More comfortable in their dancing shoes, Arcade Fire have it both ways on Everything Now, zeroing in on our modern malaise while taking inspiration from more concise dance-pop styles. The title track evokes Abba’s earworm laboratory, with dizzying melodic ascents and a curveball pygmy-flute solo by Afropop scion Patrick Bebey. “Signs of Life” conjures Seventies disco funk with horns, hand claps, police sirens and frontman Win Butler’s Bronze Age MC flow, a cross between Blondie’s “Rapture” and “Heart of Glass.” On “Chemistry,” a Jamaican rock-steady groove skanks alongside a Grand Funk Railroad breakdown. The requisite song by Butler’s wingwoman, Régine Chassagne, the dreamy “Electric Blue,” is an unspoken bow to girl-group funk-pop forebears the Tom Tom Club.

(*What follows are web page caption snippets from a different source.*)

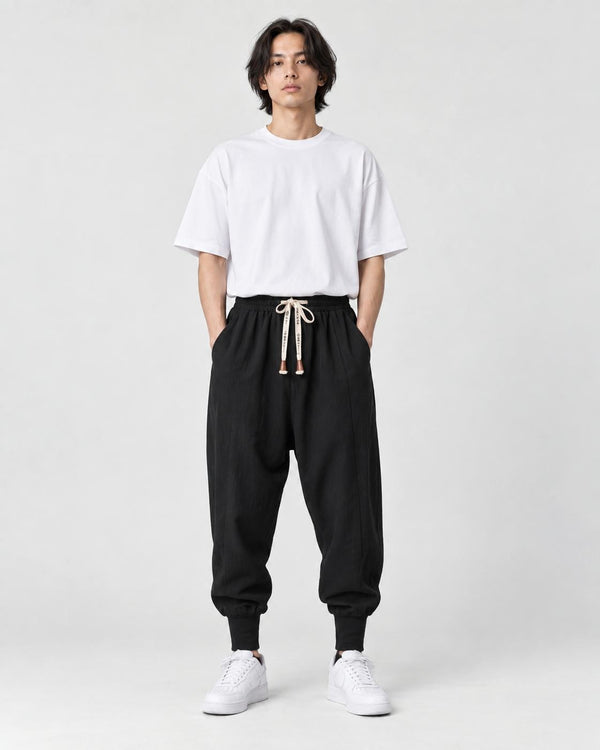 Model wearing the black drop-crotch harem pants with a white tee, front view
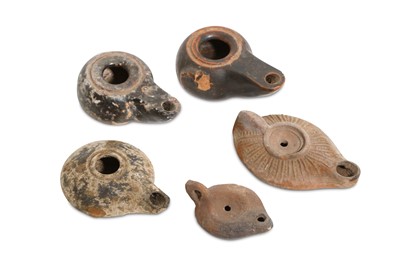 Lot 100 - A GROUP OF OIL LAMPS Circa 1st Millennium B.C....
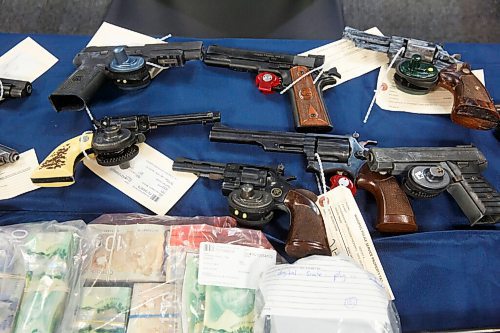 MIKE DEAL / WINNIPEG FREE PRESS
All types of guns were seized during the operation and only some were put out during the press conference.
Winnipeg Police Inspector Elton Hall of the Organized Crime Unit speaks about Operation Phoenix during a press conference at Winnipeg Police Headquarters Thursday morning.
See Erik Pindera story
220113 - Thursday, January 13, 2022.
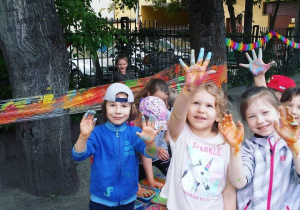 Dzieci pokazują ręce pobrudzone farbą.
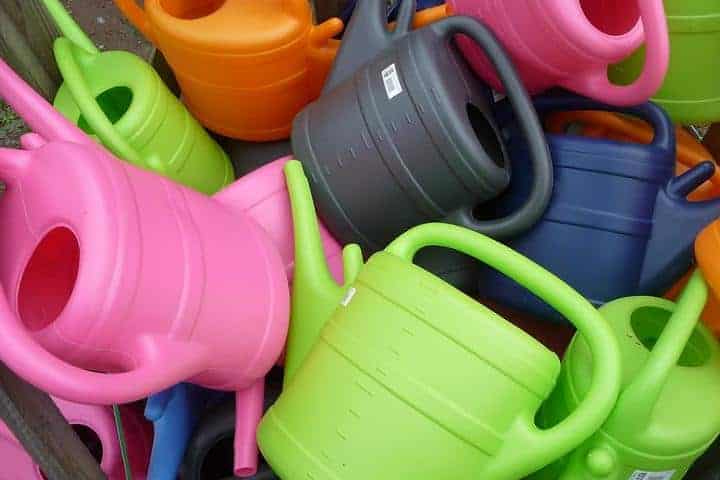 Bunte Kunststoff-Gießkannen in verschiedenen Farben für Gartenarbeit und Pflanzenpflege.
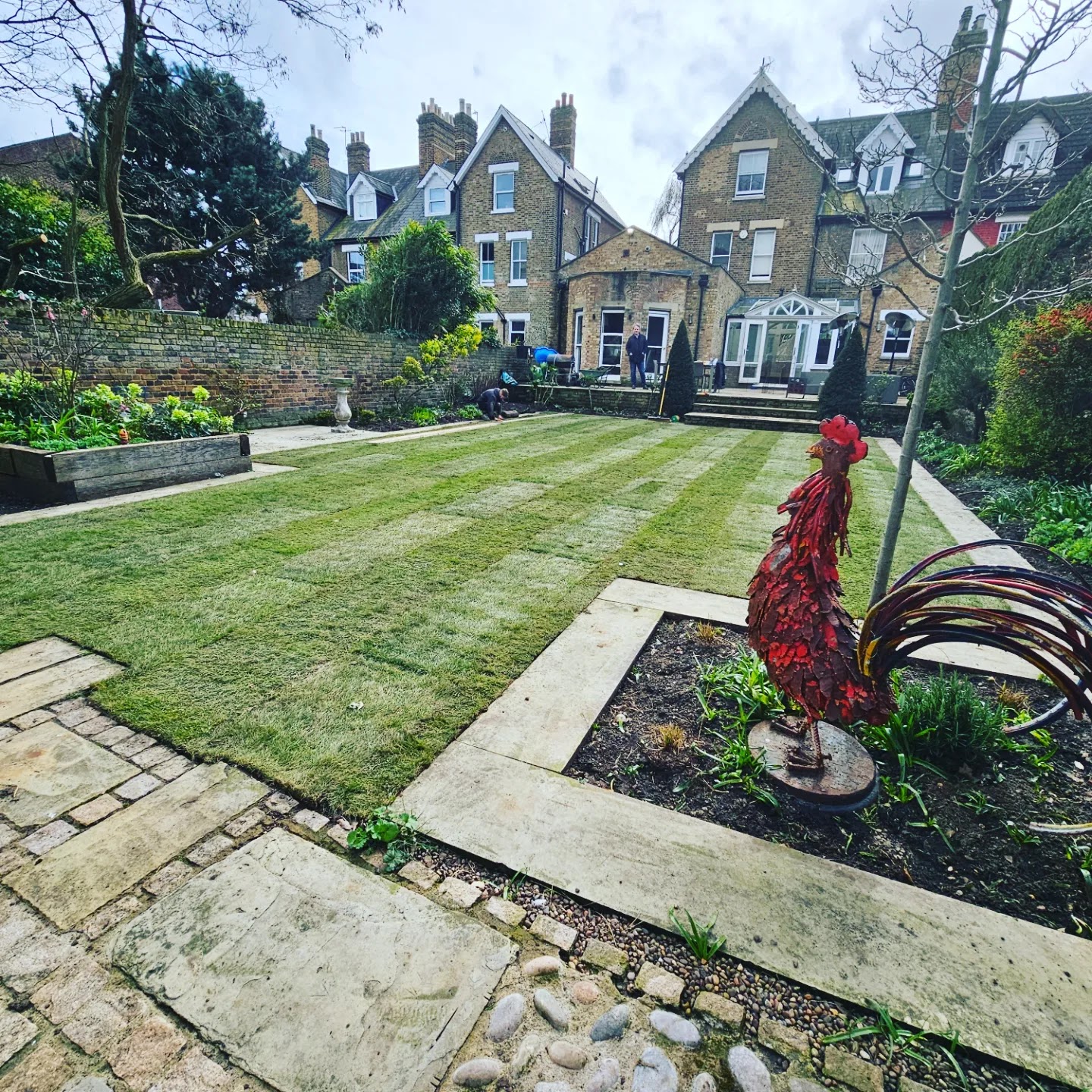 A larger formal lawn laid between stone paths in front of a period terrace — even, striped and immaculate.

Per usual, Butler’s teen-preacher-cum-rock-star persona steers the ship. The punk rant “Infinite Content” and the loping country waltz “Infinite_ Content” are mirror versions of a single song that takes aim at the digital excess of the streaming era: “We’re infinitely content/All your money is already spent,” Butler declares, recalling the dissatisfied Everymen of the Stones’ “Satisfaction” and Bruce Springsteen’s “57 Channels (And Nothin’ On).” On “Creature Comfort,” a New Order-ish interrogation of “the white lie of American prosperity,” kids lust for fame while they battle self-loathing, starving and cutting themselves. It’s treacherous territory, but the band navigates it bravely, especially when it turns the critical lens on itself. When Butler sings, “I’m a liar/Don’t doubt my sincerity,” he conjures no one so much as Bono as “The Fly” circa Achtung Baby – another earnest dance-rock conversion.
Ultimately,
Everything Now is about having a cultural banquet on offer and still
feeling hungry. “A terrible song on the radio, baby/What else is new?”
laments Butler on “We Don’t Deserve Love,” a queasy, gorgeous ballad
that wonders if the human race has maybe earned its pending extinction. Jury’s
out. But Arcade Fire have made a perfect soundtrack for pondering the question.